_INSTRUCTIONS TO FOLLOW_
Set the listing down again in full, word for word, with the pictures left out.

_DATA SECTION_
━━━━━━━━━━━━━━━━
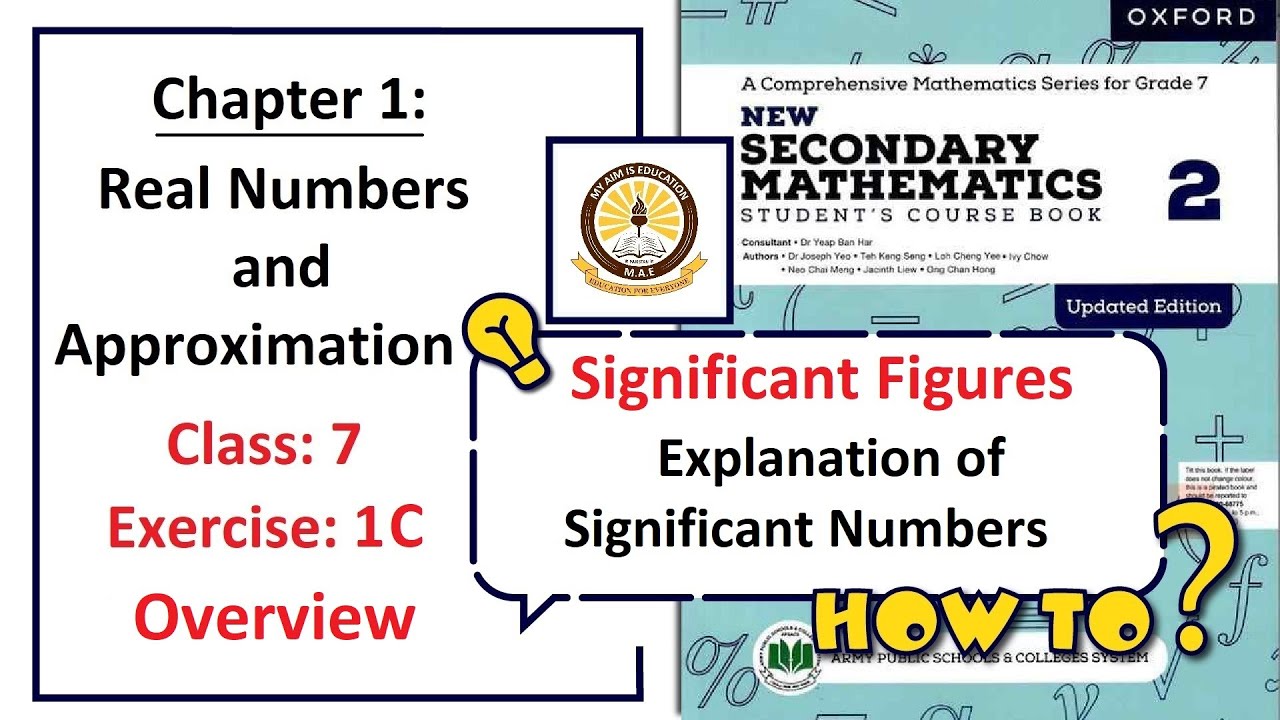 Exercise 1C Overview (Explanation of significant numbers) – Math Class 7 (APS).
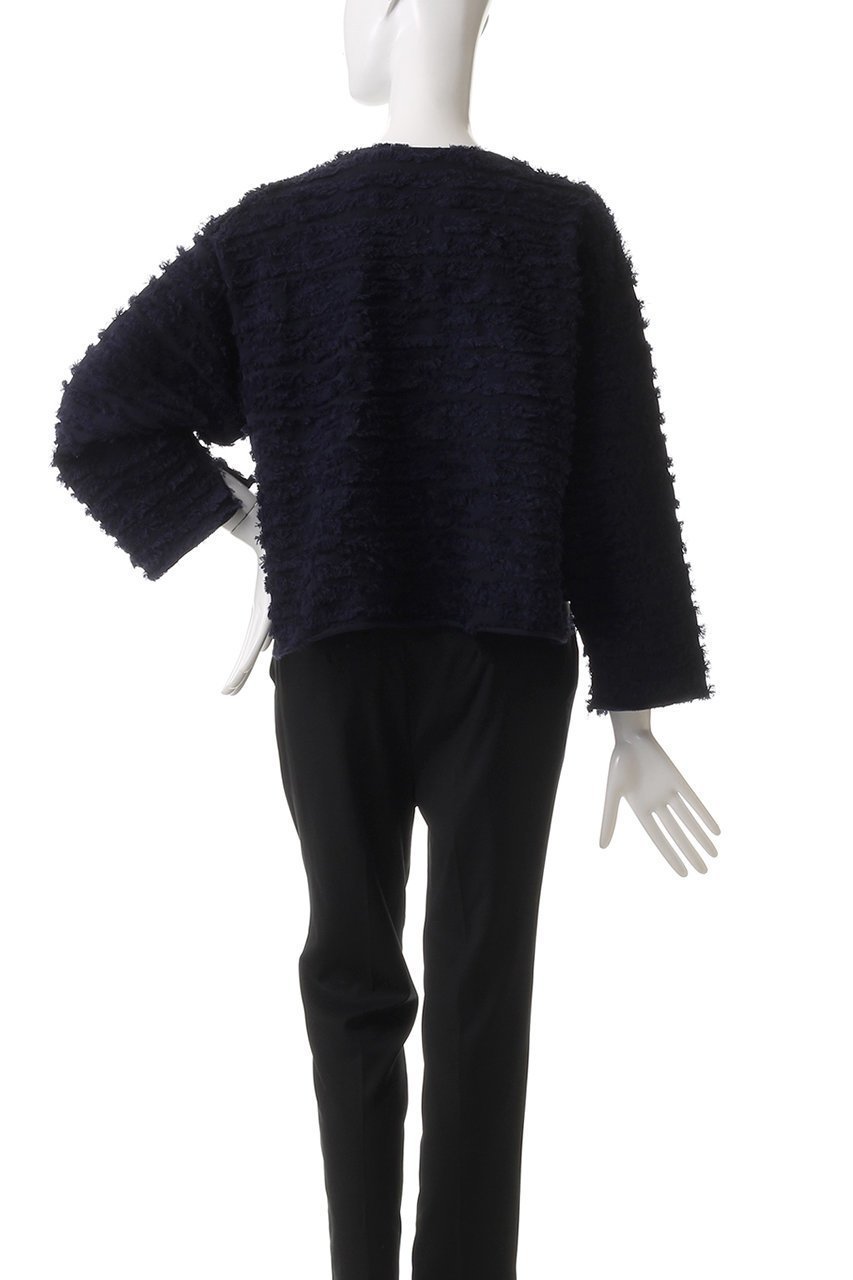 【エリオポール/heliopole】の【THREE DOTS】フリンジジャケット 人気、トレンドファッション・服の通販 founy(ファニー) 　ファッション　Fashion　レディースファッション　Fashion for Women　アウター　Coat / Outerwear Collection　レディースジャケット・軽アウター　Jackets　ショート　Short, Short Length　ジャケット　Jacket, Outerwear　パーティ　Party, Party Style　フリンジ　Fringe, Tassel　ボーダー　Border, Stripe　other-4|ID: prp329100004369576 ipo3291000000032912363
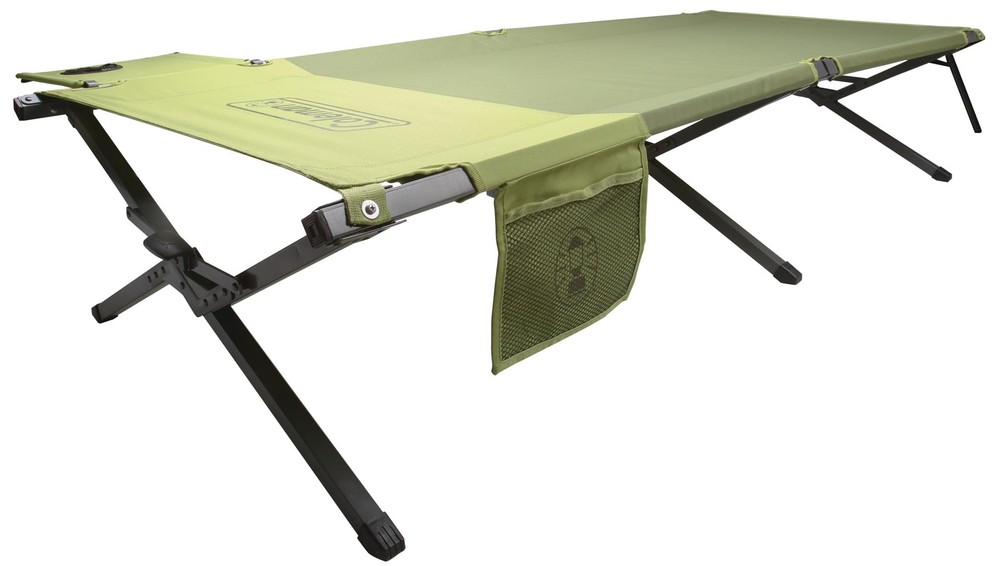 Coleman Trailhead Easy-Step Folding Cot with Foot Lock, Camping Cot with Removab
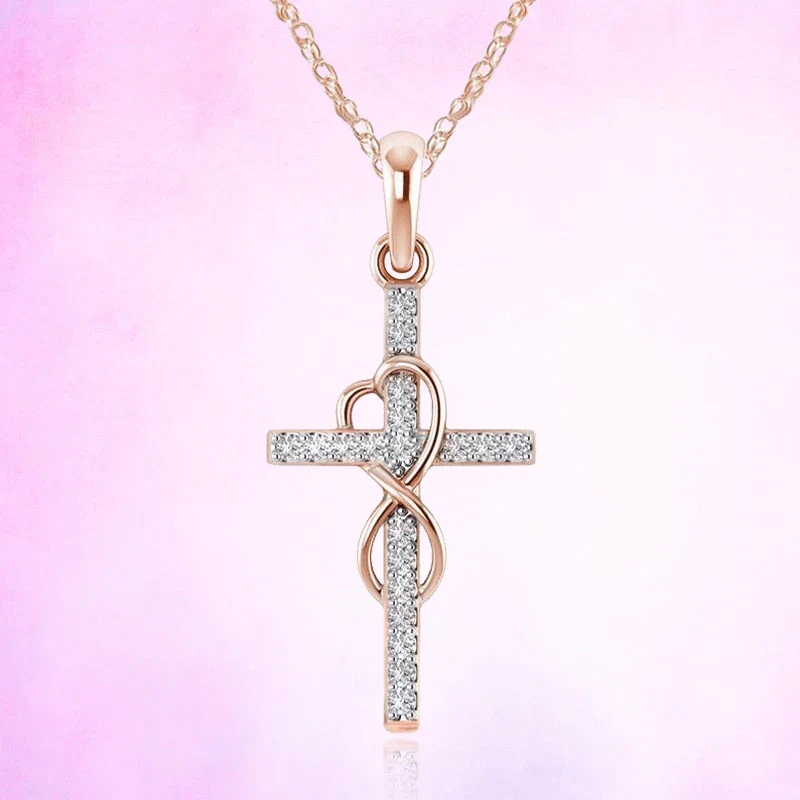 Collier Croix Infini Japonais - Image 3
━━━━━━━━━━━━━━━━
_REPLY TO THE TASK_
 Exercise 1C Overview (Explanation of significant numbers) – Math Class 7 (APS).
 【エリオポール/heliopole】の【THREE DOTS】フリンジジャケット 人気、トレンドファッション・服の通販 founy(ファニー) 　ファッション　Fashion　レディースファッション　Fashion for Women　アウター　Coat / Outerwear Collection　レディースジャケット・軽アウター　Jackets　ショート　Short, Short Length　ジャケット　Jacket, Outerwear　パーティ　Party, Party Style　フリンジ　Fringe, Tassel　ボーダー　Border, Stripe　other-4|ID: prp329100004369576 ipo3291000000032912363
 Coleman Trailhead Easy-Step Folding Cot with Foot Lock, Camping Cot with Removab
 Collier Croix Infini Japonais - Image 3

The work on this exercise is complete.